Women stick together!!
Chritsine Weigel on Tuesday 10/02/2012 at 04:54 PM
Very helpful article Joan. It has opened my eyes to networking within my current organization and possibly related areas.
Catherine Byers Breet on Wednesday 10/03/2012 at 10:22 AM
Fantastic advice, Joan! Thank you for always providing such valuable, easy-to-execute advice for women who want to reach their full potential. I've shared this link with my network.
We all need the push ... because the most critical step is to believe in yourself. Then smashing the glass becomes so much easier.
Susan Guarneri on Wednesday 10/03/2012 at 11:47 AM
Joan - loved your article reminding us all that the glass ceiling still exists.
Your third strategy - Toot Your Own Horn - really grabbed me. Self-promotion is essential for a modern-day job search.
For example, when I develop a client's resume, bio, and/or LinkedIn Profile, accomplishments and personal branding are a must. But these are often the elements where my clients, especially women, are reluctant to "put their best foot forward" because they think it is bragging!
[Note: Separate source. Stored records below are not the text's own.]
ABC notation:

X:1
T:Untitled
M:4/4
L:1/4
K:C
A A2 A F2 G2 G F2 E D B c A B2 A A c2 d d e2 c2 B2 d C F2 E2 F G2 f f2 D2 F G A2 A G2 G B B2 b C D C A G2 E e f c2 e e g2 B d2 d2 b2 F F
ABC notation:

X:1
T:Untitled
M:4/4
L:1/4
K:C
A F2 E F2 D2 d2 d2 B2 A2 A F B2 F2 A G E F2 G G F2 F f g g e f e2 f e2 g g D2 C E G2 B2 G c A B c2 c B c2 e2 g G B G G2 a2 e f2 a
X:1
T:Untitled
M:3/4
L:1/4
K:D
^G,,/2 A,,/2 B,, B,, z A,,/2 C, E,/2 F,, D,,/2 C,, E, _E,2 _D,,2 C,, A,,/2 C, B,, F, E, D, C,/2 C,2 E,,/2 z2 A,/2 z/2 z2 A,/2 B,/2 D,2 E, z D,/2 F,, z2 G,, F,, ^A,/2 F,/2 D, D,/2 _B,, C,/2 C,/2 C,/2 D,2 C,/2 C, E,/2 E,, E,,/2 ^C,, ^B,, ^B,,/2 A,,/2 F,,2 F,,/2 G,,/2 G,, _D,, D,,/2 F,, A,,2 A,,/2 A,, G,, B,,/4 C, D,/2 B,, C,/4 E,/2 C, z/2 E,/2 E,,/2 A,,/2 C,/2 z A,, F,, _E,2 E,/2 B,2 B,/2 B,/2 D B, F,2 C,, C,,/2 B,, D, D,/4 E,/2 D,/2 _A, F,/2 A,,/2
Peggy Andrews on Saturday 10/27/2012 at 08:52 PM
I am concerned to see NCDA promote an article that leads with a political talking point that has been debunked by many sources (see below):
Indeed women do make less than men, but once you take into account variables such as occupational choices, number of hours worked per year, and longevity in the workforce, the actual figure is closer to 91 cents to the dollar.
Betsey Stevenson, a business and public policy professor at the Wharton School of the University of Pennsylvania and visiting economics professor at Princeton University who previously served as chief economist for Obama’s labor secretary said "Sexism may explain differences in occupation, industry, education, hours and weeks worked, so it’s hard to know how much of the gap is due to discrimination. But (77 cents) isn’t the right statistic for saying ‘the same work as’.”
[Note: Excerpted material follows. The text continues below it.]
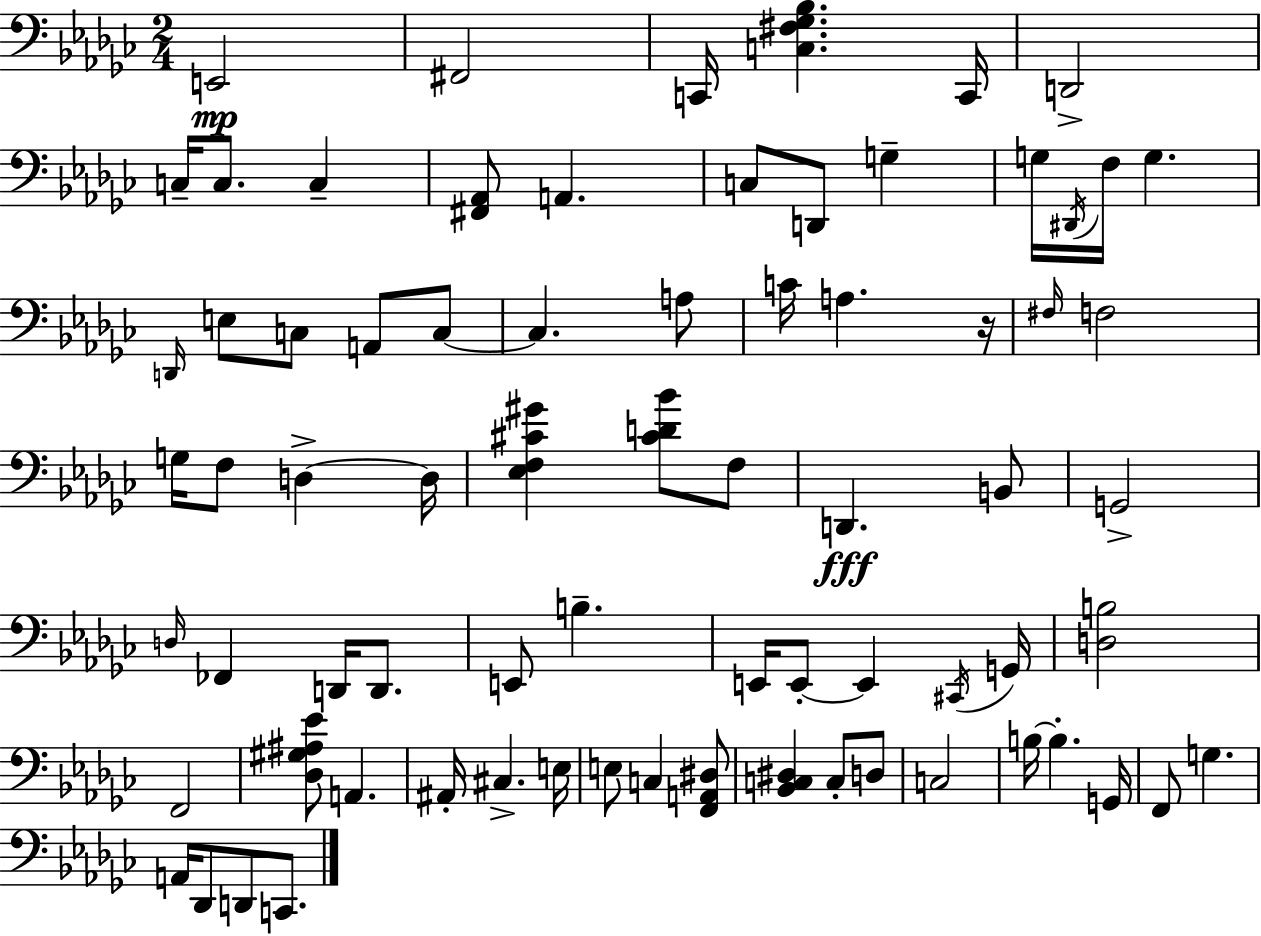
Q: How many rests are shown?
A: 1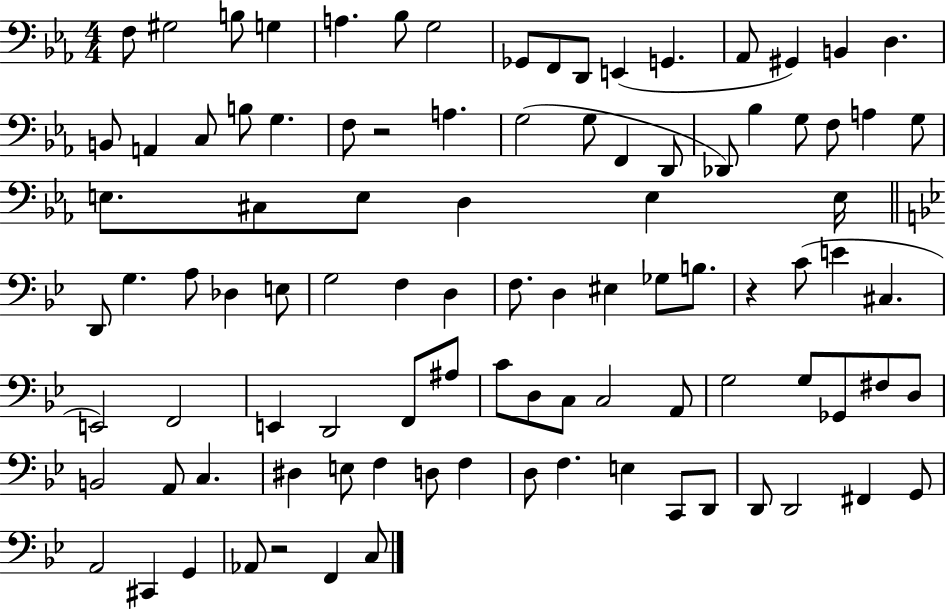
F3/e G#3/h B3/e G3/q A3/q. Bb3/e G3/h Gb2/e F2/e D2/e E2/q G2/q. Ab2/e G#2/q B2/q D3/q. B2/e A2/q C3/e B3/e G3/q. F3/e R/h A3/q. G3/h G3/e F2/q D2/e Db2/e Bb3/q G3/e F3/e A3/q G3/e E3/e. C#3/e E3/e D3/q E3/q E3/s D2/e G3/q. A3/e Db3/q E3/e G3/h F3/q D3/q F3/e. D3/q EIS3/q Gb3/e B3/e. R/q C4/e E4/q C#3/q. E2/h F2/h E2/q D2/h F2/e A#3/e C4/e D3/e C3/e C3/h A2/e G3/h G3/e Gb2/e F#3/e D3/e B2/h A2/e C3/q. D#3/q E3/e F3/q D3/e F3/q D3/e F3/q. E3/q C2/e D2/e D2/e D2/h F#2/q G2/e A2/h C#2/q G2/q Ab2/e R/h F2/q C3/e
Clearly even a gap of 9 cents per hour this size needs to be addressed on both an organizational and individual level, but inflating the problem by 14 cents/hour (roughly 18%) just to make a point does a disservice to the women we aim to help. Any successful plan for change – such as a career development plan – must start with a realistic assessment of one’s goals and circumstances within the context of the environment. Misunderstanding the environmental constraints and opportunities will lead to uninformed plans that have lesser chance of success.